→ **Exercise directions**
In the data below, the answer is the run of lines from the line containing "Reindeer (white background) Paper" through the line containing "iwillink 2 Gang", both included; print it exactly and nothing else.

(Data items)

==============================

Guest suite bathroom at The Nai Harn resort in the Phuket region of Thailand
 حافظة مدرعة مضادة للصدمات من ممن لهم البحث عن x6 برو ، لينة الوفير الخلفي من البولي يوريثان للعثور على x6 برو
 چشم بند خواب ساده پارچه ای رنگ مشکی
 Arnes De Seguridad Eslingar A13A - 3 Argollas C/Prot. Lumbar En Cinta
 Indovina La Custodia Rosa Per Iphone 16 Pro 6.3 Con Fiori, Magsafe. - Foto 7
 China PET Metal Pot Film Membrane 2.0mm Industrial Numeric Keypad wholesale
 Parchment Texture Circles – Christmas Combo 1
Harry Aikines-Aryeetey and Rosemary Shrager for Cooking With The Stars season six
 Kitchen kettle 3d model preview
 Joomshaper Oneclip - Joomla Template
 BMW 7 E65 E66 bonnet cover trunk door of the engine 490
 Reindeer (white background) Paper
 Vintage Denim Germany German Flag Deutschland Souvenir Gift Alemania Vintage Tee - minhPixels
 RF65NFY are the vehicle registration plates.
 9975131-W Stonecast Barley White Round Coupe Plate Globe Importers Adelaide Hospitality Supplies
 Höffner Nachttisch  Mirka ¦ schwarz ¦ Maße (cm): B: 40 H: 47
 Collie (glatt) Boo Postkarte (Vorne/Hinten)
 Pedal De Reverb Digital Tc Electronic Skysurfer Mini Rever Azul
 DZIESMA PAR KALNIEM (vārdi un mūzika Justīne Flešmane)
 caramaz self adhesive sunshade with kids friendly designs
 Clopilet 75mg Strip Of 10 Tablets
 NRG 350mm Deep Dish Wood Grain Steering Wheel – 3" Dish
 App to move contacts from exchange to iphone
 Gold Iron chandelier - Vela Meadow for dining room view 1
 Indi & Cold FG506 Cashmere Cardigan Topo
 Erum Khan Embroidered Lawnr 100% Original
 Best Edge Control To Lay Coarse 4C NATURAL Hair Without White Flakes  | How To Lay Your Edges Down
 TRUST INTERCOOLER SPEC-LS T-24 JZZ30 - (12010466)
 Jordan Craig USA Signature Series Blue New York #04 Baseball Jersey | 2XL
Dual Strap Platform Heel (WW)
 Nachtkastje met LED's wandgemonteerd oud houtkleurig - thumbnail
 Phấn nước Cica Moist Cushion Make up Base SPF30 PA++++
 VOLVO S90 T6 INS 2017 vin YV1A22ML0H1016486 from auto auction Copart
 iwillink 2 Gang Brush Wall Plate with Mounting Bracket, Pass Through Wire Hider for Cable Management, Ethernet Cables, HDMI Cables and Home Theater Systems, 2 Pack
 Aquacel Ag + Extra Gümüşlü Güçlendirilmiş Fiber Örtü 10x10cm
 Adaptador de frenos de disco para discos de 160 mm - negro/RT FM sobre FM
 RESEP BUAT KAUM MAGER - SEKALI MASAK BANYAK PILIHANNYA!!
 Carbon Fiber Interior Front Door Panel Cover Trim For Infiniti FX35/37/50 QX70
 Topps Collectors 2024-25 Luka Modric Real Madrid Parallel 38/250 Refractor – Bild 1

==============================

→ **Solved exercise**
 Reindeer (white background) Paper
 Vintage Denim Germany German Flag Deutschland Souvenir Gift Alemania Vintage Tee - minhPixels
 RF65NFY are the vehicle registration plates.
 9975131-W Stonecast Barley White Round Coupe Plate Globe Importers Adelaide Hospitality Supplies
 Höffner Nachttisch  Mirka ¦ schwarz ¦ Maße (cm): B: 40 H: 47
 Collie (glatt) Boo Postkarte (Vorne/Hinten)
 Pedal De Reverb Digital Tc Electronic Skysurfer Mini Rever Azul
 DZIESMA PAR KALNIEM (vārdi un mūzika Justīne Flešmane)
 caramaz self adhesive sunshade with kids friendly designs
 Clopilet 75mg Strip Of 10 Tablets
 NRG 350mm Deep Dish Wood Grain Steering Wheel – 3" Dish
 App to move contacts from exchange to iphone
 Gold Iron chandelier - Vela Meadow for dining room view 1
 Indi & Cold FG506 Cashmere Cardigan Topo
 Erum Khan Embroidered Lawnr 100% Original
 Best Edge Control To Lay Coarse 4C NATURAL Hair Without White Flakes  | How To Lay Your Edges Down
 TRUST INTERCOOLER SPEC-LS T-24 JZZ30 - (12010466)
 Jordan Craig USA Signature Series Blue New York #04 Baseball Jersey | 2XL
Dual Strap Platform Heel (WW)
 Nachtkastje met LED's wandgemonteerd oud houtkleurig - thumbnail
 Phấn nước Cica Moist Cushion Make up Base SPF30 PA++++
 VOLVO S90 T6 INS 2017 vin YV1A22ML0H1016486 from auto auction Copart
 iwillink 2 Gang Brush Wall Plate with Mounting Bracket, Pass Through Wire Hider for Cable Management, Ethernet Cables, HDMI Cables and Home Theater Systems, 2 Pack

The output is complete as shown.